■ DATA SEGMENT:
####
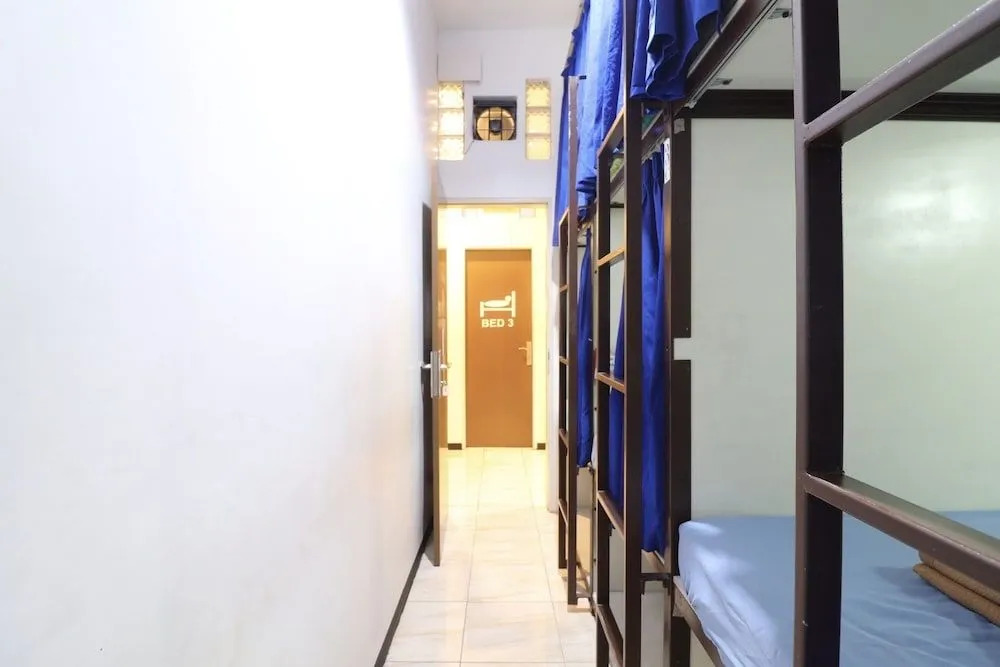 MADOR Malang Dorm Hostel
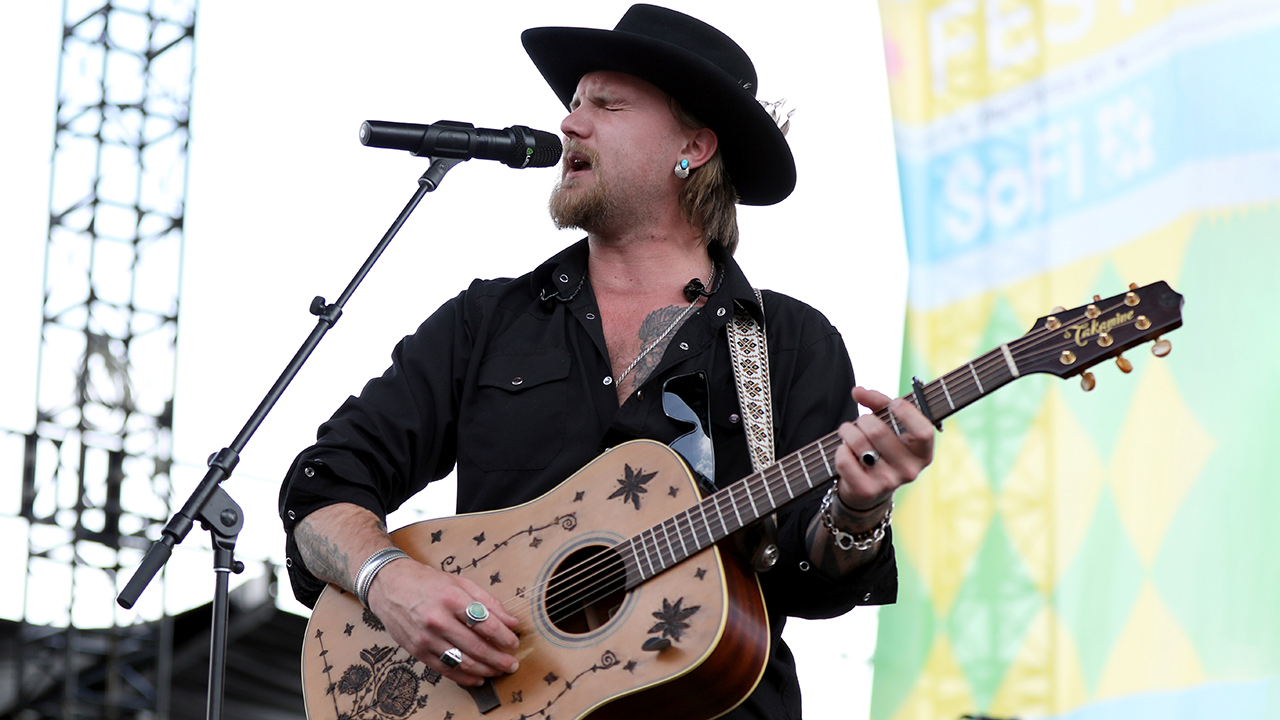 Jackson Dean performs on the Chevy Riverfront stage during day three of CMA Fest 2025 at Riverfront Park on June 07, 2025 in Nashville, Tennessee.  (Photo by Danielle Del Valle/Getty Images)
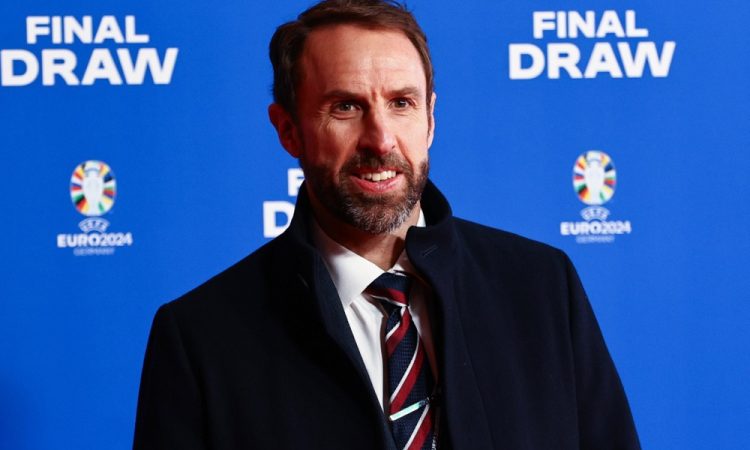 Southgate zadovoljen z okrevanjem Shawa in Maguira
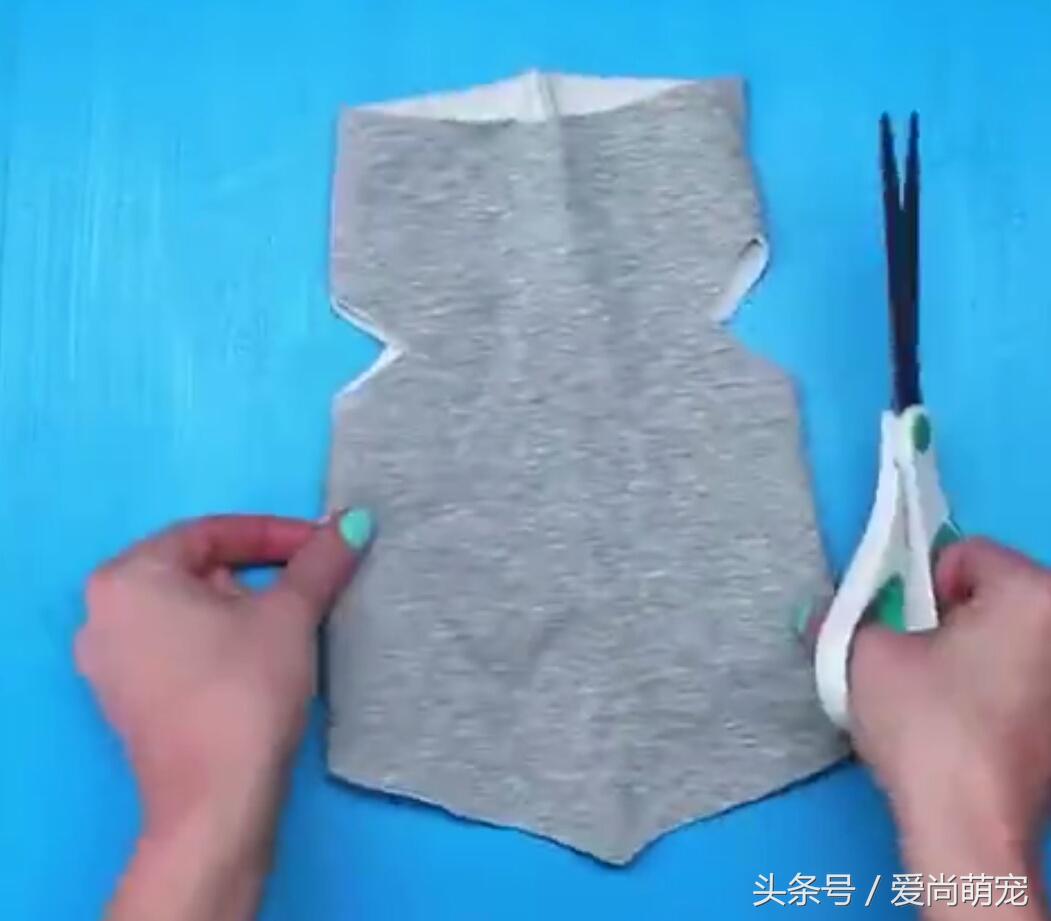 怎么给狗狗自制保暖衣,diy金毛狗狗衣服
####
■ WORK REQUIRED: Only the pictures are to be left out; print everything else in the listing exactly.

■ EXERCISE OUTPUT:
 MADOR Malang Dorm Hostel
 Jackson Dean performs on the Chevy Riverfront stage during day three of CMA Fest 2025 at Riverfront Park on June 07, 2025 in Nashville, Tennessee.  (Photo by Danielle Del Valle/Getty Images)
 Southgate zadovoljen z okrevanjem Shawa in Maguira
 怎么给狗狗自制保暖衣,diy金毛狗狗衣服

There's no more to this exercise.